What Europe needs today is less preaching from Brussels about the impending brave new world of a two-tiered Europe and more direct capital-to-capital engagement, with political leaders speaking privately and plainly to each other, cutting deals that will lay the foundations for a new intra-EU compromise. It is time to set aside the belief that Brussels has even most of the solutions to what ails Europe today, as well as the notion that re-engagement at the national level within the European Union’s structures would somehow doom the common European project. The reaffirmation of core Western democratic values should be a sine qua non of this process, but so should a deep respect for the sovereign rights of nations to chart their course and enter into binding agreements, all buttressed by a sense of genuine humility in every capital about the limits of what federalism and supra-nationalism can accomplish in Europe—i.e., a recognition of the fact that it can only go as far as the demos is willing to allow.

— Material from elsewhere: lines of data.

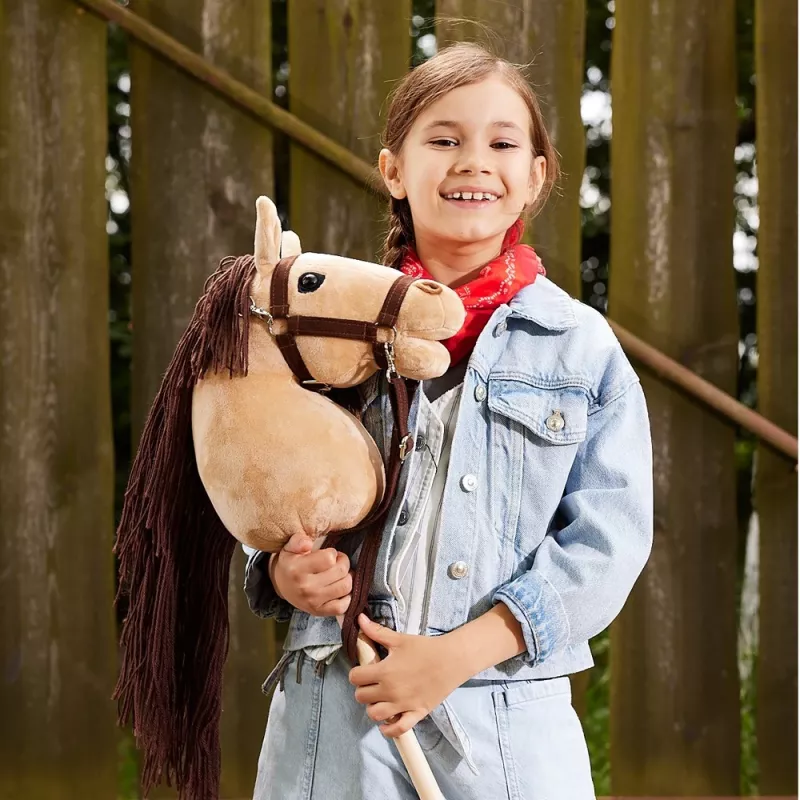 Cavalo de pau HOPPIHORSE Hobby Horse A3 bege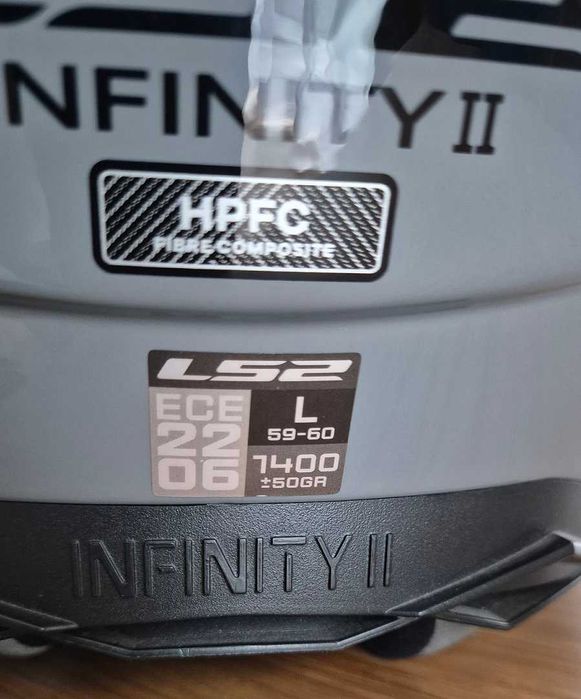 Kask otwarty LS2 Infinity, rozmiar L (59-60)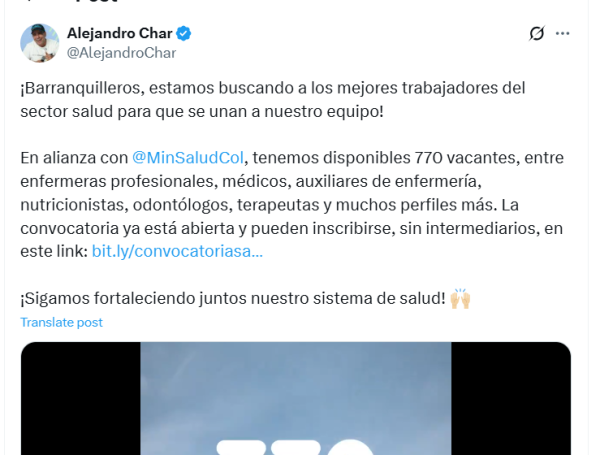 Vacantes laboral  Barranquilla.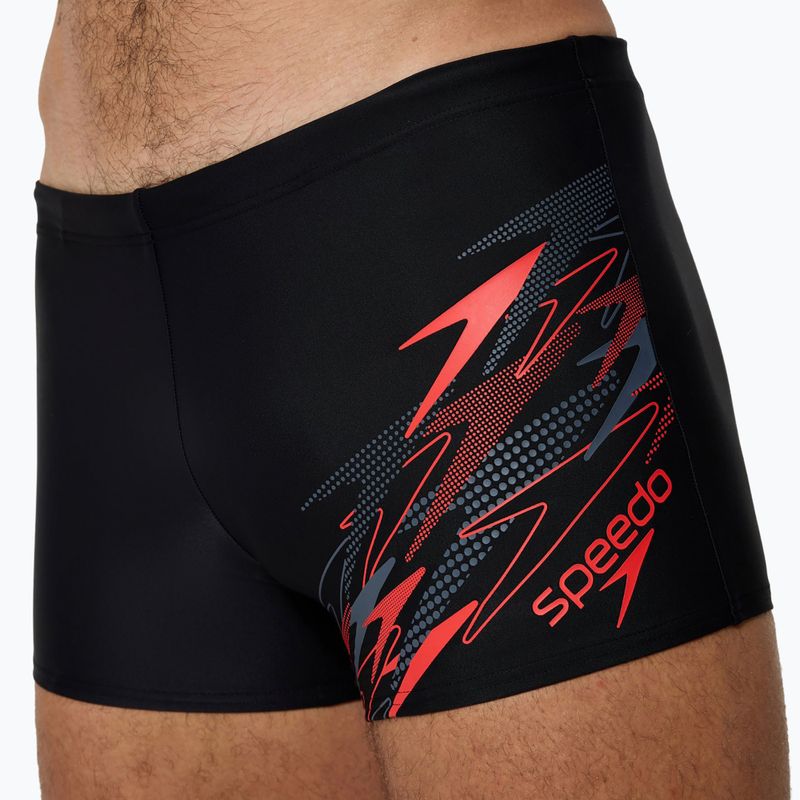 Boxeri de baie pentru bărbați Speedo Medley Logo Aquashort anthracite/hrr 5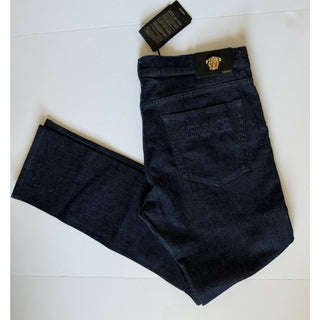 Versace Medusa Dark Blue Denim Jeans Men 38 US 1011841 1A13334 NWT $775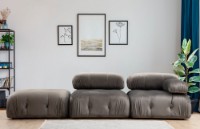 Fotoliu Atelier Del Sofa Bubble Grey imaginea #5 — magazin online Desire.md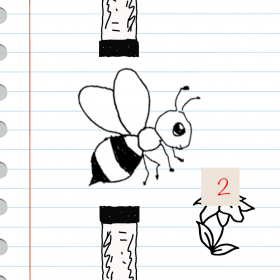 couverture jeu vidéo 2048 Fly Bee - The Adventure Of A Flowers Bee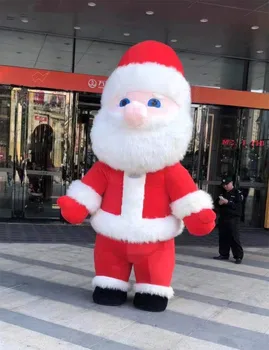 Christmas inflatable Santa Claus mascot costume for adults walking inflatable plush costume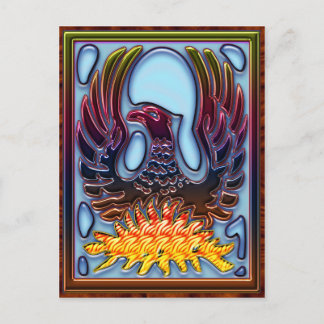 Phoenix Rising From Fire & Ashes Postcard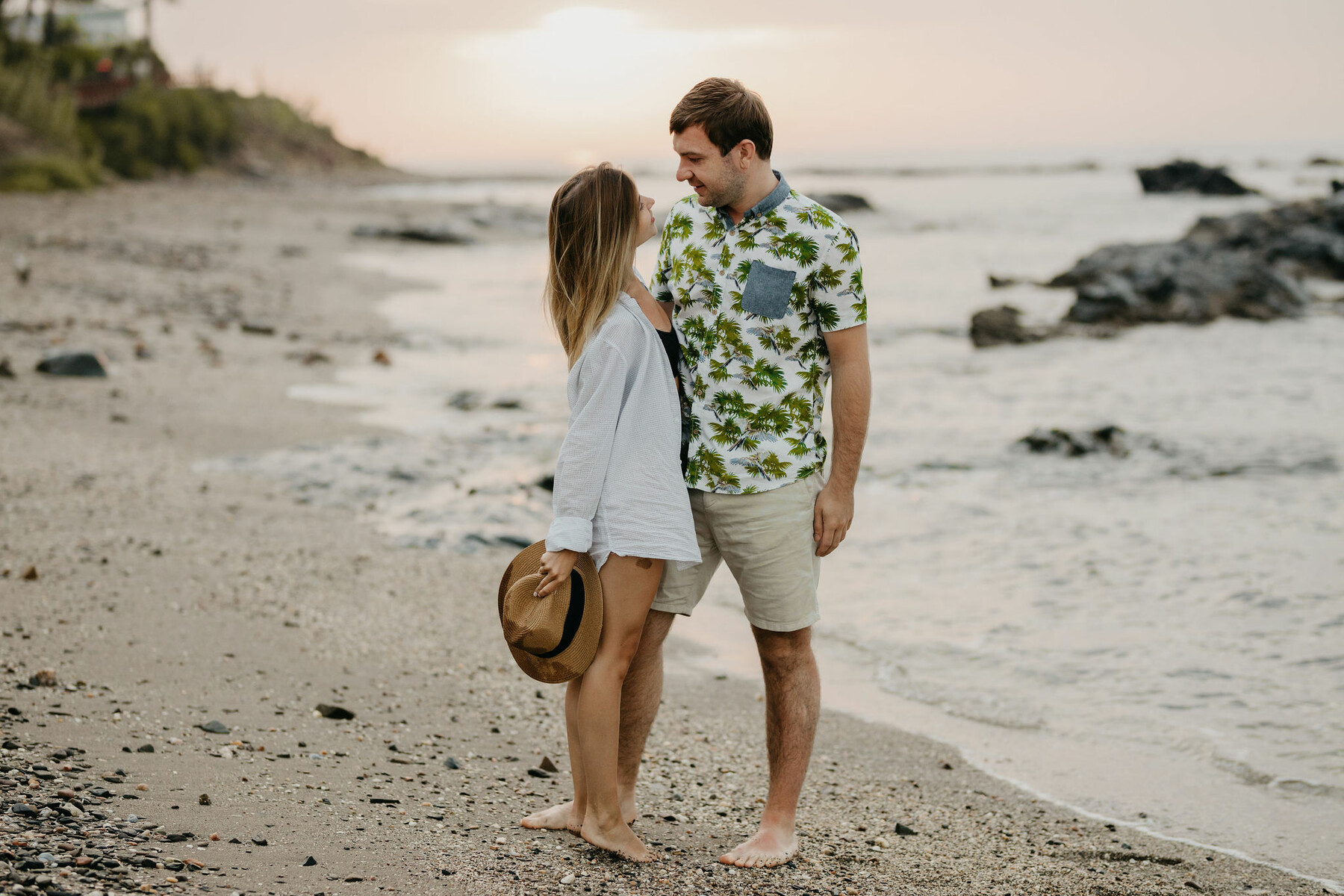 Romantic photo shoot in Mijas Costa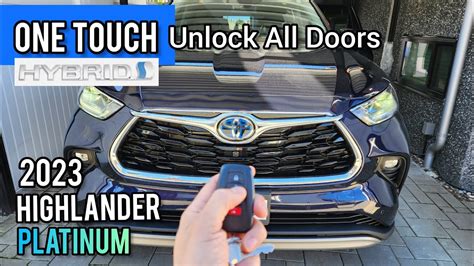 One Touch Unlock All Doors Tip You Didn T Know Toyota Highlander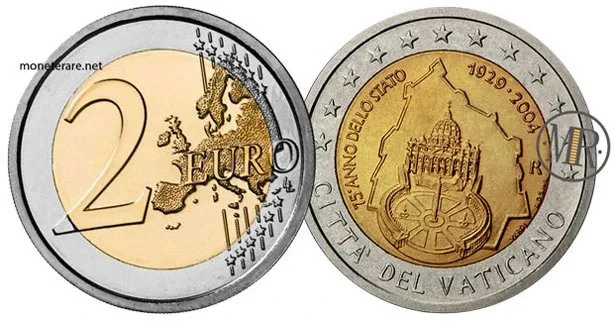 2 Euro Commemorative Vatican 2004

The common European project—the child of founding fathers such as Konrad Adenauer, Jean Monnet, and Robert Schuman, as well as Joseph Bech, Johan Willem Beyen, Winston Churchill, and Walter Hallstein—remains as open to our competing interpretations and as relevant today as it was in the 1950s and beyond. However, at its core the success of the European Union going forward depends upon the relationships among its member-states. Hence, planning for Europe’s shared future is not a “glass half-full/half-empty” discussion over how to reframe its institutions yet again, but rather a discussion about what is in the glass in the first place. If Europe accepts that supranational institutions are only as good as the relationships between the states who forged them, then it will have finally begun the process of breathing new life into its common project. It’s well past time.